Hace unas semanas tuve la suerte de conocer a un simpatiquísimo locutor de radio uruguayo (me
ha pedido que no divulgue su nombre), que en su juventud escribió algunos guiones para el grupo
humorístico los Jaujarana, famoso en Chile por su actuación en Sábados Gigantes. La mención de
este grupo trajo a mi memoria vagos recuerdos ochenteros infantiles, por lo que decidí repasar los
sketches de los Jaujarana en youtube. Los más clásicos seguían una estructura bastante similar,
pero efectiva: un hombre entra a una farmacia y pide alguna cosa que no sea un remedio (un par
de zapatillas, un disco de Mozart, etc.). Cuando el farmacéutico le dice que no tiene el producto, el
cliente empieza su discurso (léase con fuerte acento “uruguascho”): “usted me está negando la
música, la cultura, esto se va a saber, etc. etc.” A lo que el otro responde siempre “pero señor,
esto es una farmacia”, para ser interpelado con “¿y a acaso le he preguntado yo lo que es esto?” y
así.

Volver a ver el clásico sketch de los Jaujarana me recordó de inmediato el debate actual sobre
el aborto. ¿Qué tiene que ver una cosa con la otra? Nada directamente, pero hay un parecido: el
hombre que entra a la farmacia, y reclama, dice puras cosas verdaderas, pero no acierta en lo
principal. En el debate actual sobre el aborto pasa algo similar; se habla de derechos, sufrimientos,
peligros incluso (“usted me está negando la autonomía, está contra el derecho a decidir, etc.”

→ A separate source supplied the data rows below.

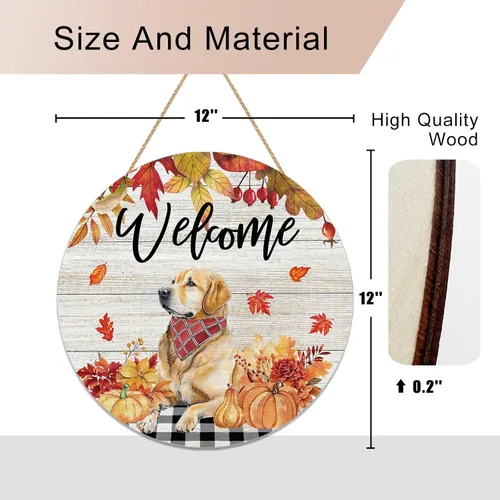 Vista 6 de YINENA Letrero de puerta de perro con texto en inglés "Welcome Fall Dog" Golden Retriever - Percha de puerta de madera para exteriores, porche
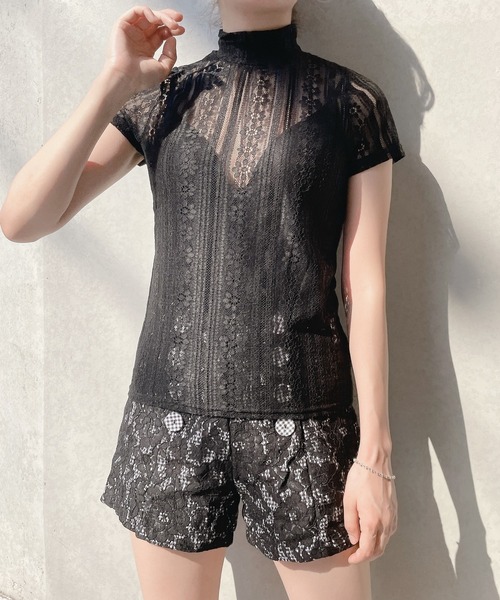 lilLilly（リルリリー）の「レースハイネックトップス（Tシャツ/カットソー・レディース・ホワイト/ブラック/ピンク・FREE）」の10枚目の写真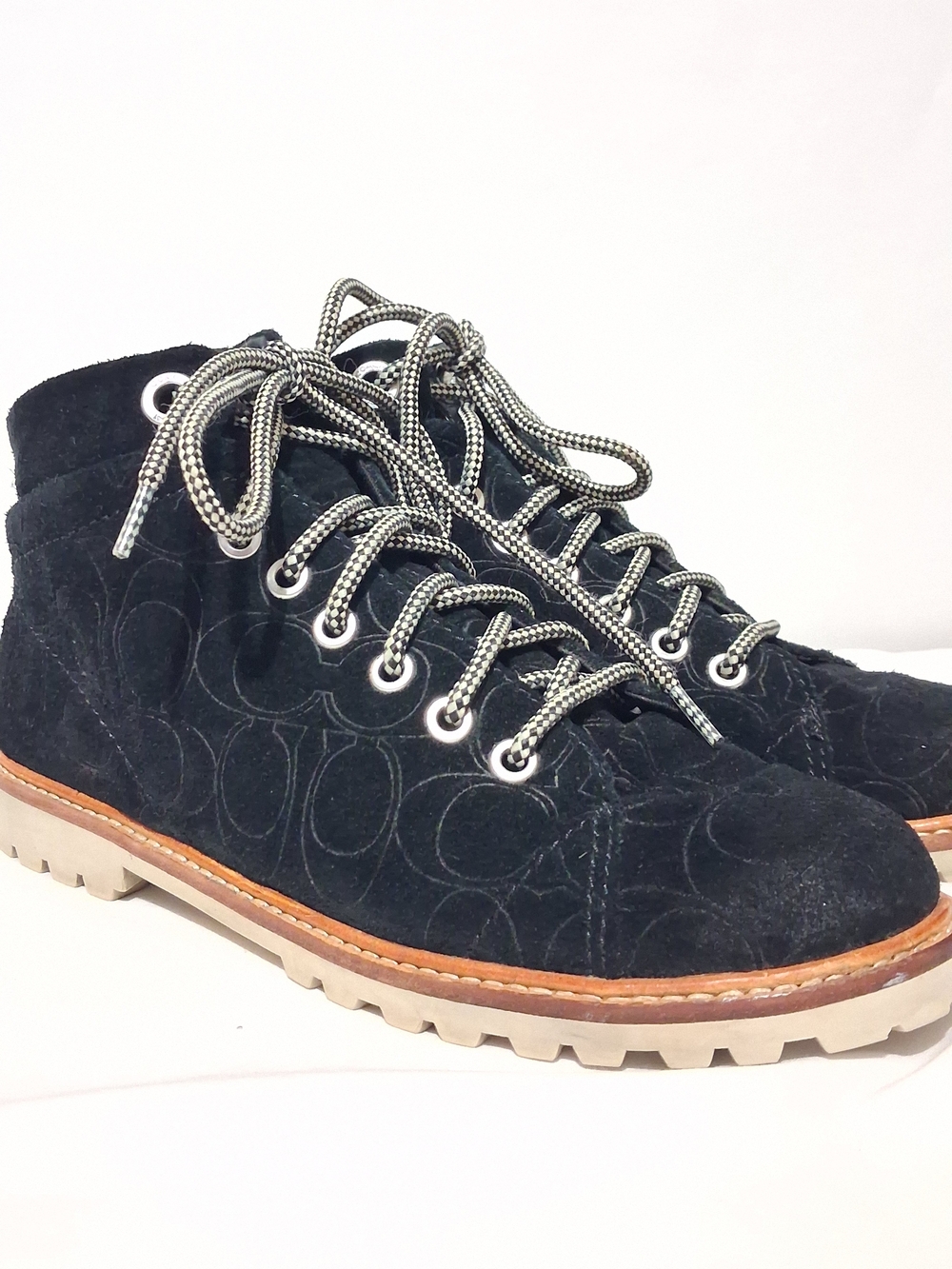 Coach Ester Embossed Black Suede Booties Womens Size 7.5 - Picture 2 of 9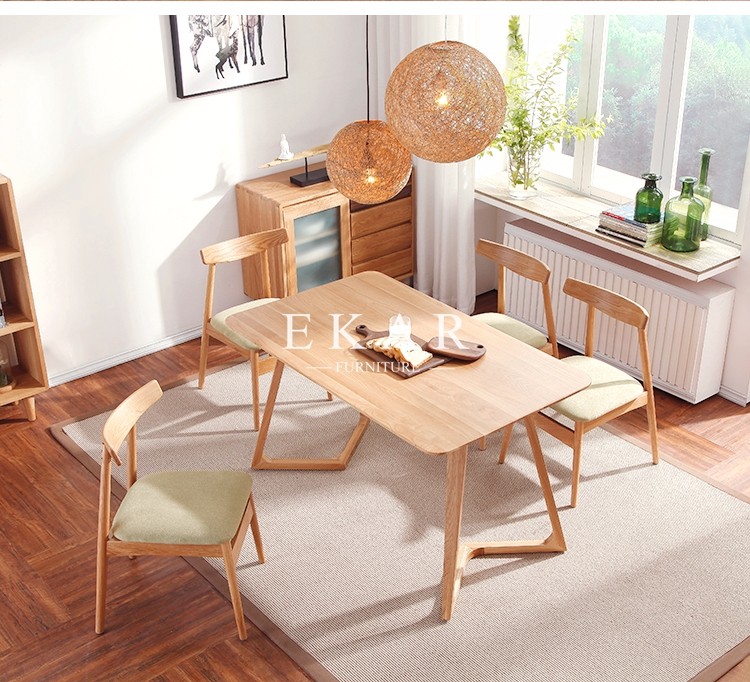 Modern Nordic Designs Furniture No Arm Oak Wooden With Seating Cushion Fabric Dining Chair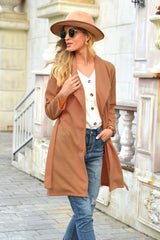 Woolen Lapel Tie Long Coat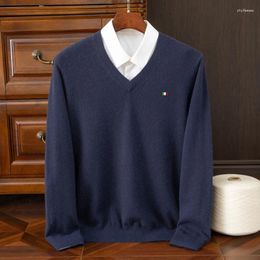 Men's Sweaters Cashmere Sweater Mens Plus Size M-5XL Pullover V-Neck Fit Jumpers Knitting Woollen Warm Autumn Korean Style Casual Clothes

parece que se oye, con ese mismo acento que distinguía a los Jaujarana). Mientras tanto, lo
central, el estatus del embrión humano –o del ser humano en su etapa embrionaria–, se pasa por
alto olímpicamente. Filosofía y humor tienen una relación parecida, ambos dependen del
razonamiento; en el caso del humor, para que funcione, el razonamiento tiene que tener un error
que sea reconocible pero que también sea plausible. Lo que saca sonrisas en cualquier sketch de
los Jaujarana en un debate serio, sin embargo, no resulta divertido. Y lo peor, es que el cliente de
la farmacia convencido de las verdades que decía, ciego para lo fundamental, no atendía a las
razones del farmacéutico. Aquí, lo mismo.